Court OKs Trump’s Plan To Dismantle ‘Untouchable’ Federal Agency
A district court handed the Trump administration another victory on Friday, overturning an injunction that had previously blocked its effort to dismantle the Consumer Financial Protection Bureau.
On February 1, President Trump dismissed CFPB Director Rohit Chopra, a Biden appointee. Acting Director Russell Vought subsequently ordered staff to cease all operations and close the agency’s headquarters. The move prompted a lawsuit from the National Treasury Employees Union, representing most CFPB employees, along with other plaintiffs.
In late March, U.S. District Judge Amy Berman Jackson issued a preliminary injunction halting the Trump administration’s actions, the Daily Wire reported.
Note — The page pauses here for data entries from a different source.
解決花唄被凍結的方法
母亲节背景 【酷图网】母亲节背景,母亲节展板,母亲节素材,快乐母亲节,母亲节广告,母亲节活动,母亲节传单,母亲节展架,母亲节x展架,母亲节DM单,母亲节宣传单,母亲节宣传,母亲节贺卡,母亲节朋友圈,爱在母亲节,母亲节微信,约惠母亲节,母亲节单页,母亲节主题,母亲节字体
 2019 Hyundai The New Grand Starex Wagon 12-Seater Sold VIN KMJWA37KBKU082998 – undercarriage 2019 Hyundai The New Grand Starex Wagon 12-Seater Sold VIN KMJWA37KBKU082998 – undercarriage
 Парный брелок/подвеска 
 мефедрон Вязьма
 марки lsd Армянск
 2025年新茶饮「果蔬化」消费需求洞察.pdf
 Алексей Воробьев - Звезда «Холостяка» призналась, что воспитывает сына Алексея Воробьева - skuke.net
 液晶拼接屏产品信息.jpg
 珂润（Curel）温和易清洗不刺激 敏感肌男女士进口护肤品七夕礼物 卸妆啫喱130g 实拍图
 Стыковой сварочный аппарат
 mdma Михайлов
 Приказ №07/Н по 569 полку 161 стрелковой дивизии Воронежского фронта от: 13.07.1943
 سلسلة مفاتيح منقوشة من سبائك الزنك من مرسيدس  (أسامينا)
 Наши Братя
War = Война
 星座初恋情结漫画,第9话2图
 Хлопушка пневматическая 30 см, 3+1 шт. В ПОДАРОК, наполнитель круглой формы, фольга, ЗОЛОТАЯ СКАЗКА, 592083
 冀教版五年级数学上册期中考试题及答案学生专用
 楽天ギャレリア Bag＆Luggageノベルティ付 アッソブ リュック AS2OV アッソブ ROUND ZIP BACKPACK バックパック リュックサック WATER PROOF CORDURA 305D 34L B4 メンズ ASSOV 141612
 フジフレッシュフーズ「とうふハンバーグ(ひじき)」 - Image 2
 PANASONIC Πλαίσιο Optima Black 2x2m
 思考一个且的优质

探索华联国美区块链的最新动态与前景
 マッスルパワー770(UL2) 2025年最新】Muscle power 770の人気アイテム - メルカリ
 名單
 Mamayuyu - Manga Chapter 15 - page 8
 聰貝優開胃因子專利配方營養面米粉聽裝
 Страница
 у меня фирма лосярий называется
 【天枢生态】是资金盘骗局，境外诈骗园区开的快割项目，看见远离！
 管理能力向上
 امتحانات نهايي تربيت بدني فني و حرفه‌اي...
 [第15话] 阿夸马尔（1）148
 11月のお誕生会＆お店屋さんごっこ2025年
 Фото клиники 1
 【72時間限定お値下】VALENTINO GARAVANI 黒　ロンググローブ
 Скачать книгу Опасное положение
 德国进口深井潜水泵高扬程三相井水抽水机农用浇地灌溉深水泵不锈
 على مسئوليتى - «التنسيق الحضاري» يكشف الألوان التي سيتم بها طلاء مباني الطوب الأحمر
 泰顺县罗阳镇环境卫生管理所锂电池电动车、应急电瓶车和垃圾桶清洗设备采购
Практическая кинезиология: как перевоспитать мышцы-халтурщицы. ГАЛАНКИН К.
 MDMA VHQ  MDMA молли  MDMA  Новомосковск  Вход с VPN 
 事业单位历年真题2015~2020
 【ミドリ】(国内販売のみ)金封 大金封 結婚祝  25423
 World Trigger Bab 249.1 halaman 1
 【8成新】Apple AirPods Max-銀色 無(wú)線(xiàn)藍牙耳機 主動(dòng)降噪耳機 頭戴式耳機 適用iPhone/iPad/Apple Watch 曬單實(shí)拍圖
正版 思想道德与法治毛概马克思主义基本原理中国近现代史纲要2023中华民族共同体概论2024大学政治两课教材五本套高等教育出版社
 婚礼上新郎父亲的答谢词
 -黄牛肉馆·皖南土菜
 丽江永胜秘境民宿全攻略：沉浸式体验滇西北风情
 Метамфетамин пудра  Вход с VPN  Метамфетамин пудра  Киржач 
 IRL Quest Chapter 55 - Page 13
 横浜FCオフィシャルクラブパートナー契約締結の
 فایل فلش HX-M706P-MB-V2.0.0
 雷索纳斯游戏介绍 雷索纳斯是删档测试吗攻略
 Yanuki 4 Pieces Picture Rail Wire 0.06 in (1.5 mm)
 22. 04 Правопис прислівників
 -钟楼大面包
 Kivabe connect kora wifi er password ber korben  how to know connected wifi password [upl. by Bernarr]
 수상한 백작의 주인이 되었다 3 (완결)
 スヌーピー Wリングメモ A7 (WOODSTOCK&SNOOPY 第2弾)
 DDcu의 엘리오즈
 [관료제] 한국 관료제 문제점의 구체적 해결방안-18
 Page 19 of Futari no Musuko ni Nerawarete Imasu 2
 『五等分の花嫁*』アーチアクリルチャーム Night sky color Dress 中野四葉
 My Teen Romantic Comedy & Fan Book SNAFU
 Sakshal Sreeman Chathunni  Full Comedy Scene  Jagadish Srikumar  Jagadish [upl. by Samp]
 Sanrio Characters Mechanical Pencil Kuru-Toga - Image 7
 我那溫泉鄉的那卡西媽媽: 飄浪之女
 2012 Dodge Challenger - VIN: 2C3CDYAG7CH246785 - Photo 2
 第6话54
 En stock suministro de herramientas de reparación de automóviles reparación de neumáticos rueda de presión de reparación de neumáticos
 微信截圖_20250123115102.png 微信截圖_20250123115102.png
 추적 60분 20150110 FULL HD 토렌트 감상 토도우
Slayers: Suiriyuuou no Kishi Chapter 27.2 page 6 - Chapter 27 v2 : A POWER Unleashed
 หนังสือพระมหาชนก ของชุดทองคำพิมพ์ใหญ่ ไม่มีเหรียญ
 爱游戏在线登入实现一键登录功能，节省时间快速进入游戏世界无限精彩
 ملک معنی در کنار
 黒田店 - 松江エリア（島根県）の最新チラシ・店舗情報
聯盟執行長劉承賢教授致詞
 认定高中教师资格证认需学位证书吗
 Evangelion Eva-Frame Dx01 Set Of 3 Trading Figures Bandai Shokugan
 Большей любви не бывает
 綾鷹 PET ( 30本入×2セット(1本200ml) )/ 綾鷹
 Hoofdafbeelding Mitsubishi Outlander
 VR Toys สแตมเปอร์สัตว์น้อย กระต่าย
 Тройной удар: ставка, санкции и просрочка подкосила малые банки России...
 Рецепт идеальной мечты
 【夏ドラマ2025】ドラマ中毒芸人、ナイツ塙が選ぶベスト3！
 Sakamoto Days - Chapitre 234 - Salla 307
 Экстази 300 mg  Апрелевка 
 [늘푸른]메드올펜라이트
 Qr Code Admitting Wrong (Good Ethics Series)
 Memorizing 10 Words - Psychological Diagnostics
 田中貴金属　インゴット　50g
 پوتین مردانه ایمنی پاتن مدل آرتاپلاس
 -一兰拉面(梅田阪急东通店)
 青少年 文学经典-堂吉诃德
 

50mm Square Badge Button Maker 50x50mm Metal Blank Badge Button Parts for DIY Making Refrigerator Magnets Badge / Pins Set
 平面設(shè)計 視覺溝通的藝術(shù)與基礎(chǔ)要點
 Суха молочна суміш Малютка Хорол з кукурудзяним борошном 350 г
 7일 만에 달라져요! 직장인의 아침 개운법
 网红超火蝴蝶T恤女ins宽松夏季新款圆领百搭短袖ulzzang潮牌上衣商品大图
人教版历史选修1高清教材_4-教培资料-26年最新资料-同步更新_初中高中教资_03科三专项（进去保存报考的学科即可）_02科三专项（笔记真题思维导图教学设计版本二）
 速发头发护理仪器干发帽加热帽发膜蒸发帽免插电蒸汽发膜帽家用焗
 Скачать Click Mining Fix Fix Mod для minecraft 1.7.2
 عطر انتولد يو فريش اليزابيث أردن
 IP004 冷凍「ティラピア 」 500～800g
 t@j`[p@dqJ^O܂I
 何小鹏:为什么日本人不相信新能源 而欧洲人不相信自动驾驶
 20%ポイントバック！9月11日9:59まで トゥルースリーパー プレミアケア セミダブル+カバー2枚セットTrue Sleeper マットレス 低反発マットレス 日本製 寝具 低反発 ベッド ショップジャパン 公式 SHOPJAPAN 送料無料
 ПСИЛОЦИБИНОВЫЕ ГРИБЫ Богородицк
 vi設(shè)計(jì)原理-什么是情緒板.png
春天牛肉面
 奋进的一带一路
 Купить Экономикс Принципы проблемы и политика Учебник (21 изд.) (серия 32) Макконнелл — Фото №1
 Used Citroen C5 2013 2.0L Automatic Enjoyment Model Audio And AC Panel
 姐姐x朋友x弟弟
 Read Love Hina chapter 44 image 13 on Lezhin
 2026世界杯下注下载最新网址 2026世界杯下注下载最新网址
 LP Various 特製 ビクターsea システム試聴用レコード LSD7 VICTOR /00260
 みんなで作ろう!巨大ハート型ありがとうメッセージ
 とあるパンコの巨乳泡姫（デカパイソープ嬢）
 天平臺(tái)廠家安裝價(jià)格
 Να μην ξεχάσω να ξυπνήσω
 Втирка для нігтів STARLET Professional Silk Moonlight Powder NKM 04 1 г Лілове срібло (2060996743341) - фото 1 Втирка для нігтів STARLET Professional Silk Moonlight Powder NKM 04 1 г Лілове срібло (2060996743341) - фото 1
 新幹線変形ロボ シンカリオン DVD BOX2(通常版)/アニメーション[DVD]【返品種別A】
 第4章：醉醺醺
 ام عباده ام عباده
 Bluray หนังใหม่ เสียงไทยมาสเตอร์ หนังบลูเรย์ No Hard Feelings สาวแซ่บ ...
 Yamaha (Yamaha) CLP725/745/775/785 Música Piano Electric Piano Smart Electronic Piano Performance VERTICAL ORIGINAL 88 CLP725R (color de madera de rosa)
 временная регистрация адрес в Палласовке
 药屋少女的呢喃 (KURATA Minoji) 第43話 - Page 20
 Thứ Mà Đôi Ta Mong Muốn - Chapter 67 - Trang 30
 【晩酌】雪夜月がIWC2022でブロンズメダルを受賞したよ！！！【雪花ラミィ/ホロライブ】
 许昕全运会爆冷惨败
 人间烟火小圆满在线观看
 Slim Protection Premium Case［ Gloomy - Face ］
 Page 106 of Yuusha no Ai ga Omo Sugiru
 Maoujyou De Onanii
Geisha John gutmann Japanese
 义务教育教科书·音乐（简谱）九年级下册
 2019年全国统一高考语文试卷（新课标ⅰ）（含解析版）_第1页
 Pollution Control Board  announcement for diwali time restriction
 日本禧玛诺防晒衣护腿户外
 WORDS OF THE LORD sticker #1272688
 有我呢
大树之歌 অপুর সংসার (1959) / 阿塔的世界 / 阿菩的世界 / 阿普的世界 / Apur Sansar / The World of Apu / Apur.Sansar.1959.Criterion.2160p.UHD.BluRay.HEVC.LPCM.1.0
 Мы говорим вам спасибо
“After briefly narrowing the scope of Jackson’s injunction, the DC Circuit panel reinstated the order shortly after the CFPB attempted a drastic reduction-in-force plan meant to slash the majority of the agency’s headcount,” Bloomberg News reported. “Lawyers for the Trump administration argued Jackson’s injunction was an overly broad encroachment on a federal agency’s efforts to downsize in accordance with the president’s policy directives.”
But on Friday, the U.S. Court of Appeals for the District of Columbia Circuit vacated Judge Jackson’s preliminary injunction.
Created in 2010 under the Dodd-Frank Act, the Consumer Financial Protection Bureau is funded by the Federal Reserve and has operated outside congressional oversight, with its budget not subject to approval by lawmakers — a distinction unique among federal agencies.
In 2015, Investor’s Business Daily accused the CFPB of “diverting potentially millions of dollars in settlement payments for alleged victims of lending bias to a slush fund for poverty groups tied to the Democratic Party” and planning to “create a so-called Civil Penalty Fund for its own shakedown operations targeting financial institutions.”
In October 2022, the U.S. Court of Appeals for the Fifth Circuit stated that the CFPB’s “perpetual insulation from Congress’ appropriations power, including the express exemption from congressional review of its funding, renders the Bureau ‘no longer dependent, and as a result, no longer accountable’ to the Congress and ultimately, to the people.”